Seeing the psychiatric patient as more than an isolated individual
Patients’ family and community ties have been crucial in 50 years of treatment at the ICFP
Since this year marks the 50th anniversary of the Institute of Community and Family Psychiatry (ICFP), the natural tendency is to focus on the building at Côte-Sainte-Catherine and Légaré that officially began welcoming patients and clients in 1969.
However, to really understand the significance of this occasion, what you need to do is look more closely at the name.
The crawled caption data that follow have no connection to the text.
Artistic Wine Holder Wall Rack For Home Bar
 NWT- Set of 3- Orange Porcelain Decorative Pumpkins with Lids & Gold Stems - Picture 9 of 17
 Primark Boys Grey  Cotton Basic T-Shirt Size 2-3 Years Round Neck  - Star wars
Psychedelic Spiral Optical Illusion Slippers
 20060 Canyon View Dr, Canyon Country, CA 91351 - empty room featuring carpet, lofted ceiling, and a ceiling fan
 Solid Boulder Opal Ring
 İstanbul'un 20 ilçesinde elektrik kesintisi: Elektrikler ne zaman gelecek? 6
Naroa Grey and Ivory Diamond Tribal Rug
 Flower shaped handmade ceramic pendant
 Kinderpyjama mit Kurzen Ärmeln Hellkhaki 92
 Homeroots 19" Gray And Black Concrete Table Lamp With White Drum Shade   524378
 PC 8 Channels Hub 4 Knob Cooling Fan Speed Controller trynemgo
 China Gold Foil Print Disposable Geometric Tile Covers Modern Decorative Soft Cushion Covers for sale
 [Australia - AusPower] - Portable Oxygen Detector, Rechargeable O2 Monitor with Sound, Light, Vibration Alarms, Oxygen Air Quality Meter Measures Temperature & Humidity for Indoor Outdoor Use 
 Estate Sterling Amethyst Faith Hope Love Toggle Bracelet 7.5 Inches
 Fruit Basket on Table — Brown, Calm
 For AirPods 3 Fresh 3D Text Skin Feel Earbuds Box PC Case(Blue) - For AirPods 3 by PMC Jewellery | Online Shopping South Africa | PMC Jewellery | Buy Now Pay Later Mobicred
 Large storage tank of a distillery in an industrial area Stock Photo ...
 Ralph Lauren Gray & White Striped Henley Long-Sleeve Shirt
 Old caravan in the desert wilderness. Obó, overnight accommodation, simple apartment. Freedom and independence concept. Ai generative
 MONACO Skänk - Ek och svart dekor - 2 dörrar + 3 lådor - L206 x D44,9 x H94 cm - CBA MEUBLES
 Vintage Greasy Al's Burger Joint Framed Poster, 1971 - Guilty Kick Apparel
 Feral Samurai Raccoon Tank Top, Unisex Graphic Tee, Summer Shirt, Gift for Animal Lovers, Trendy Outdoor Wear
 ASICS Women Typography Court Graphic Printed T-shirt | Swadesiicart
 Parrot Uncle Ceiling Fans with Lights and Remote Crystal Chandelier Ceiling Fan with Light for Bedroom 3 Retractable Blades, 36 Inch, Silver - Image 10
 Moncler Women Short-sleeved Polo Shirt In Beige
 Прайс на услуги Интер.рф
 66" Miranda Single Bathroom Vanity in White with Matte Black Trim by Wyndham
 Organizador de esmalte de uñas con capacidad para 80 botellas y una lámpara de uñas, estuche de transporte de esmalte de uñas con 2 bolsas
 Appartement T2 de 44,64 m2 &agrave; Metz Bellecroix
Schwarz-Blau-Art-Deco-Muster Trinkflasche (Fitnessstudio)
After all, the building could just as easily have been called something simpler, like the JGH Institute of Psychiatry.
The name originated with Dr. Nathan Epstein, who was Chief of Psychiatry from 1959 to the mid-1960s, a period when the ICFP was still on the drawing board. It was also in the plans when Dr. Henry Kravitz took over as Chief in 1967 and shepherded the Institute to its launch and beyond.
And now it has a distinctive, five-decade legacy that encapsulates the guiding philosophy of the ICFP and the Department of Psychiatry: To view the patient not just as an individual, but as someone with a complex network of connections to family and community, against a backdrop of neighbourhood, religion, race, ethnicity and a host of other factors.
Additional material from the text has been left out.